Give back all of the records exactly.

PROVIDED ENTRIES.
****************************************
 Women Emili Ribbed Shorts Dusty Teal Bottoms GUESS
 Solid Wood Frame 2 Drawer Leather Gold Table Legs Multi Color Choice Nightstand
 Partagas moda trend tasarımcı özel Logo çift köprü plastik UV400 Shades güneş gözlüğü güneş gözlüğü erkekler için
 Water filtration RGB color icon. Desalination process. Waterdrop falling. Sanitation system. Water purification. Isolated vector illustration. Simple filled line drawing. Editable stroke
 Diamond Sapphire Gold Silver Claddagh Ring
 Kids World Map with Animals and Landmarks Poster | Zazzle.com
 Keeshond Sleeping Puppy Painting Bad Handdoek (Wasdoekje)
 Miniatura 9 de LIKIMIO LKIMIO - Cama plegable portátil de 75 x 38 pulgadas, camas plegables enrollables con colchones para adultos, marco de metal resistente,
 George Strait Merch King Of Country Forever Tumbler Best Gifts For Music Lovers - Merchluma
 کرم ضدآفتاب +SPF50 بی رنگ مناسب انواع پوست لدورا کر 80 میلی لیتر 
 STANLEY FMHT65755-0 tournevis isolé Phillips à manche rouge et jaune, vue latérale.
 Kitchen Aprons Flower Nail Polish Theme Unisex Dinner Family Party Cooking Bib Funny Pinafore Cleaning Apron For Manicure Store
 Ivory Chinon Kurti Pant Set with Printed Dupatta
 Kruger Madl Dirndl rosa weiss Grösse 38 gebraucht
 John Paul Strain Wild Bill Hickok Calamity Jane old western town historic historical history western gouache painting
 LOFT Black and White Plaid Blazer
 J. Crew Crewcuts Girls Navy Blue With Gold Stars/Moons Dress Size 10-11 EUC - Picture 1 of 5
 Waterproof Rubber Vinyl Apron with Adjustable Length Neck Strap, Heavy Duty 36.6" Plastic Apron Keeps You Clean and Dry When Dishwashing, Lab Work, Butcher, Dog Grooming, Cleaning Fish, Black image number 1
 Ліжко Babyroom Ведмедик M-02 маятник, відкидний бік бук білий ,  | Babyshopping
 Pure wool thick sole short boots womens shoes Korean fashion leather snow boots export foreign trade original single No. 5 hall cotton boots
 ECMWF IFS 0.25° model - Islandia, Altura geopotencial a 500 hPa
****************************************
RESPONSE BOX.
 Women Emili Ribbed Shorts Dusty Teal Bottoms GUESS
 Solid Wood Frame 2 Drawer Leather Gold Table Legs Multi Color Choice Nightstand
 Partagas moda trend tasarımcı özel Logo çift köprü plastik UV400 Shades güneş gözlüğü güneş gözlüğü erkekler için
 Water filtration RGB color icon. Desalination process. Waterdrop falling. Sanitation system. Water purification. Isolated vector illustration. Simple filled line drawing. Editable stroke
 Diamond Sapphire Gold Silver Claddagh Ring
 Kids World Map with Animals and Landmarks Poster | Zazzle.com
 Keeshond Sleeping Puppy Painting Bad Handdoek (Wasdoekje)
 Miniatura 9 de LIKIMIO LKIMIO - Cama plegable portátil de 75 x 38 pulgadas, camas plegables enrollables con colchones para adultos, marco de metal resistente,
 George Strait Merch King Of Country Forever Tumbler Best Gifts For Music Lovers - Merchluma
 کرم ضدآفتاب +SPF50 بی رنگ مناسب انواع پوست لدورا کر 80 میلی لیتر 
 STANLEY FMHT65755-0 tournevis isolé Phillips à manche rouge et jaune, vue latérale.
 Kitchen Aprons Flower Nail Polish Theme Unisex Dinner Family Party Cooking Bib Funny Pinafore Cleaning Apron For Manicure Store
 Ivory Chinon Kurti Pant Set with Printed Dupatta
 Kruger Madl Dirndl rosa weiss Grösse 38 gebraucht
 John Paul Strain Wild Bill Hickok Calamity Jane old western town historic historical history western gouache painting
 LOFT Black and White Plaid Blazer
 J. Crew Crewcuts Girls Navy Blue With Gold Stars/Moons Dress Size 10-11 EUC - Picture 1 of 5
 Waterproof Rubber Vinyl Apron with Adjustable Length Neck Strap, Heavy Duty 36.6" Plastic Apron Keeps You Clean and Dry When Dishwashing, Lab Work, Butcher, Dog Grooming, Cleaning Fish, Black image number 1
 Ліжко Babyroom Ведмедик M-02 маятник, відкидний бік бук білий ,  | Babyshopping
 Pure wool thick sole short boots womens shoes Korean fashion leather snow boots export foreign trade original single No. 5 hall cotton boots
 ECMWF IFS 0.25° model - Islandia, Altura geopotencial a 500 hPa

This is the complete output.